This document is part of a series on Factory2.
Looking at the problem of Repetitive Intervention (#1), there are a lot of sub-problems we could consider. However, as mentioned in the overview document we’re going to rule out most of the projects currently being worked on by the PnT DevOps Automation pillar. That work is very important, but we’re going to say it constitutes “Factory 1.0” work.
For Factory 2.0 purposes, we’ll limit ourselves to thinking about Modularity (#5) and the new burdens it will create for pipeline users. With Modularity, we’re allowing the creation of combinations of components with independent lifecycles. There’s the possibility of a combinatorial explosion in there that we’ll need to contain. We’ll do that in part by vigorously limiting the number of supported modules with policy (which is outside the scope of Factory 2.0), and by providing infrastructure automation to reduce the amount of manual work required (which happens to be in scope for Factory 2.0).
Recall that the work here on Repetitive Intervention (#1) depends on our solution to the dep graph problem, Dep Chain (#6), and our solution to the unnecessary serialization problem, Unnecessary Serialization (#2).
- Rebuild automation of modules and artifacts cannot proceed if we don’t have access to a graph of our dependencies.
- Rebuild automation of artifacts cannot proceed if we haven’t deserialized some of the interactions in the middle of the pipeline. We can’t automatically rebuild containers built from modules while that container build depends erroneously on a full Compose.
We’re reluctant to build a workflow engine directly into koji itself. It makes more sense to relegate koji to building and storing metadata about artifacts and to instead devise a separate service dedicated to scheduling and orchestrating those builds.
When a component changes, the orchestrator will be responsible for asking what depends on that component (by querying PDC), and then scheduling rebuilds of those dependant modules directly. Once those module rebuilds have completed and have been validated by CI, the orchestrator will be triggered again to schedule rebuilds of a subsequent tier of dependencies. This cycle will repeat until the tree of dependencies is fully rebuilt. In the event that a rebuild fails, or if CI validation fails, maintainers will be notified in the usual ways. A module maintainer could then respond by manually fixing their module and scheduling another module build, at which point the trio of systems would pick up where they left off and would complete the rebuild of subsequent tiers (stacks and artifacts).
Pungi currently works by (at the request of cron or a releng admin) scheduling a number of tasks in koji. Deps are resolved, repos are created, and images (live, install, vagrant, etc..) are created out of those repos. This takes a number of hours to complete and when done, the resulting artifacts are assembled in a directory called The Compose. Some CI and manual QA work is done to validate the compose for final releases, and it is rsynced to the mirrors for distribution.

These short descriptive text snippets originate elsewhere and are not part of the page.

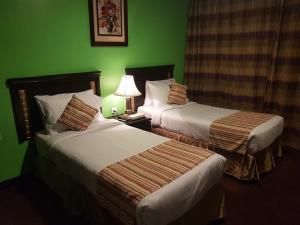 duas camas num quarto de hotel com paredes verdes em City Hotel no Cairo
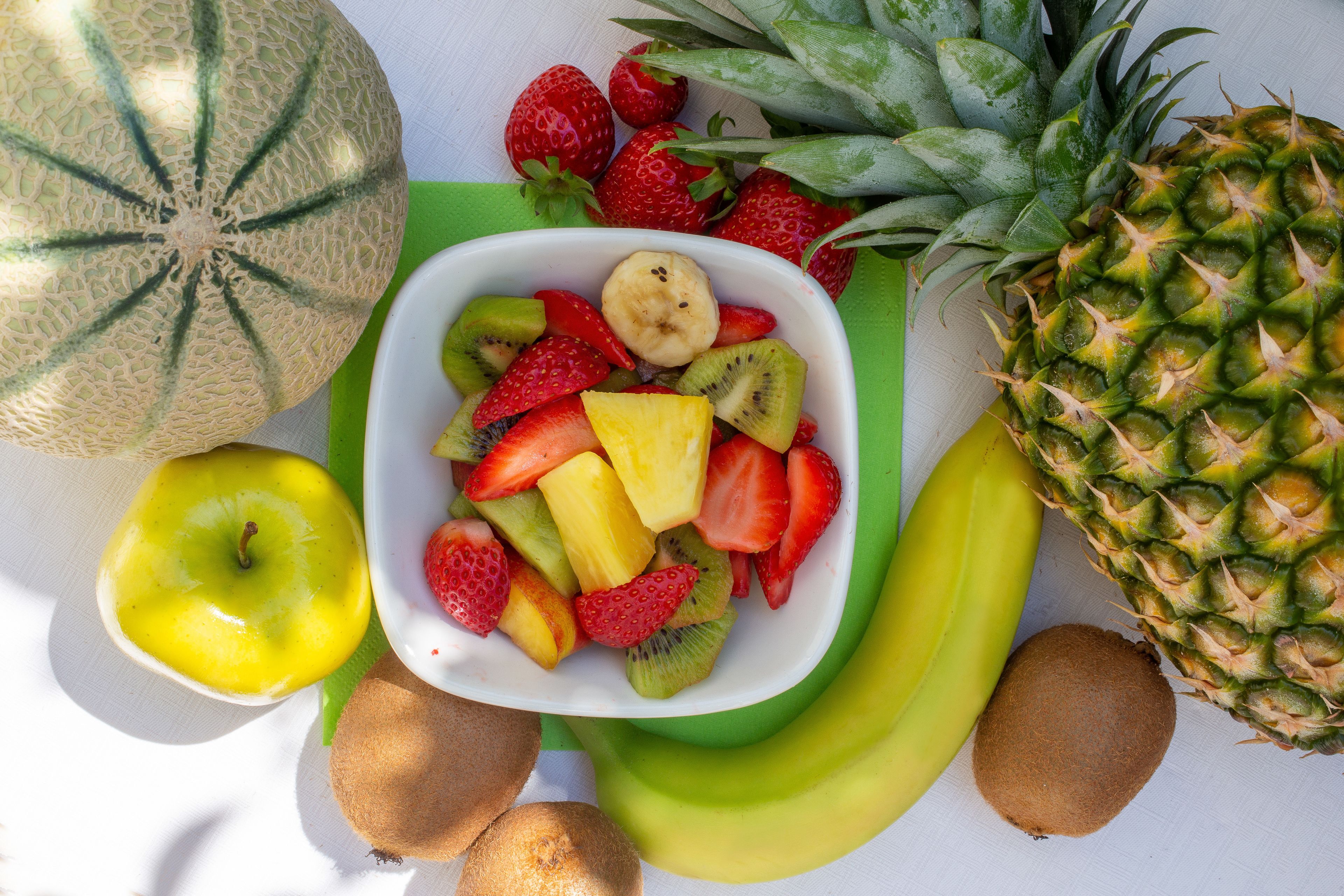 A variety of fruits including a melon, pineapple, kiwi, strawberries, bananas, and an apple.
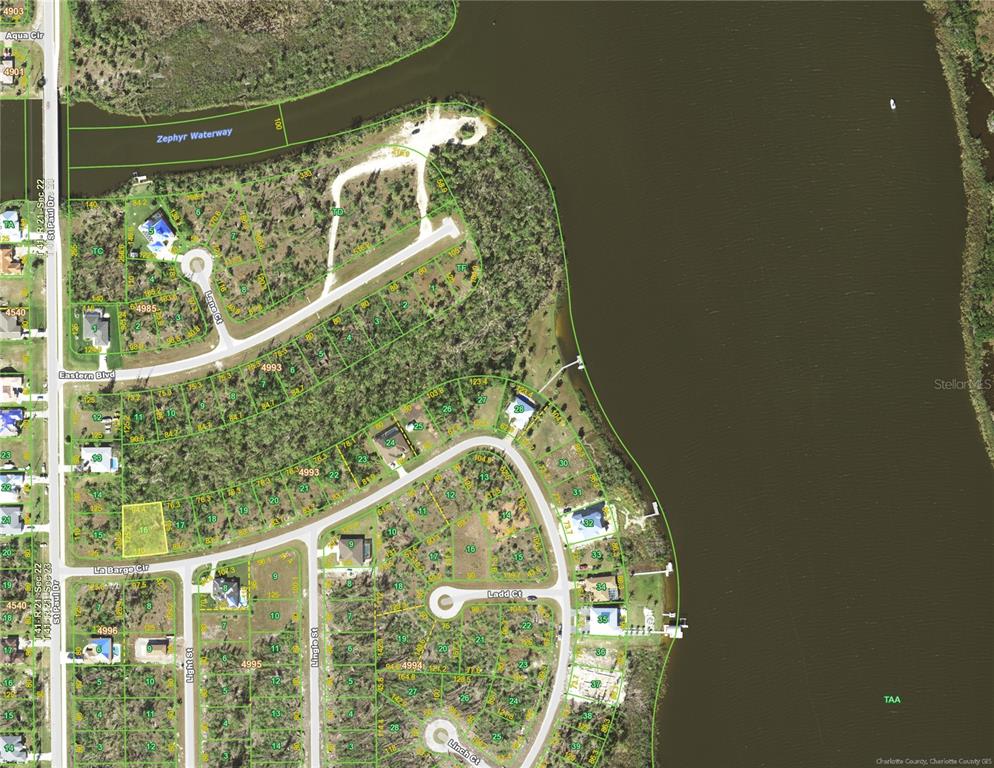 This is an aerial map showing residential lots, streets, and a waterway in Florida — 16024 LA BARGE CIRCLE, PORT CHARLOTTE, FL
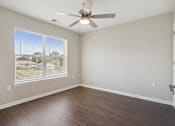 Thumbnail 27 of 38 - an empty bedroom with a ceiling fan and a window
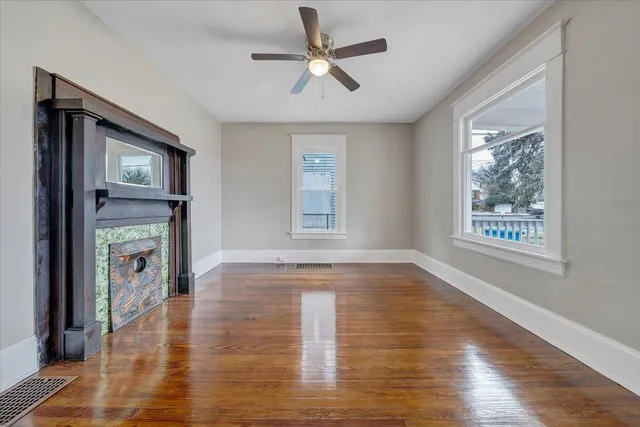 a view of empty room with wooden floor and fan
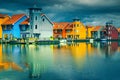 Colorful dutch wooden houses on water, Groningen, Netherlands, Europe Royalty Free Stock Photo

With the introduction of modules, we’re rethinking The Compose. Without automation, we’ll have an explosion in the amount of time taken to build all of the repos for all of those combinations which is why we’re going to break out a good deal of that work into the orchestrator, which will pre-build the parts the constitute a compose, before we ask for them.
Pungi’s job then will be reduced to harvesting those pre-built artifacts. In the event that those artifacts are not available in koji, pungi will of course have to schedule new builds for them before proceeding.
Consider the “Automated QE” cloud in the above diagrams. At its core, we expect that work to be owned by the fedora-qa team. The tools promoted to manage that are taskotron and resultsdb in Fedora, but there is a different set used internally. We'll have to do some work to make sure that our tools don't go split-brain here while developing for one environment or the other.
We’re primarily interested in results. Did they pass? Did they fail? Hopefully, we can use resultsdb as a mediating layer between our orchestration system and the CI system. We'll use resultsdb directly in Fedora. For internal PnT Devops use, we'll set up an adapter service to shuttle results over to resultsdb as they become available in the internal CI system.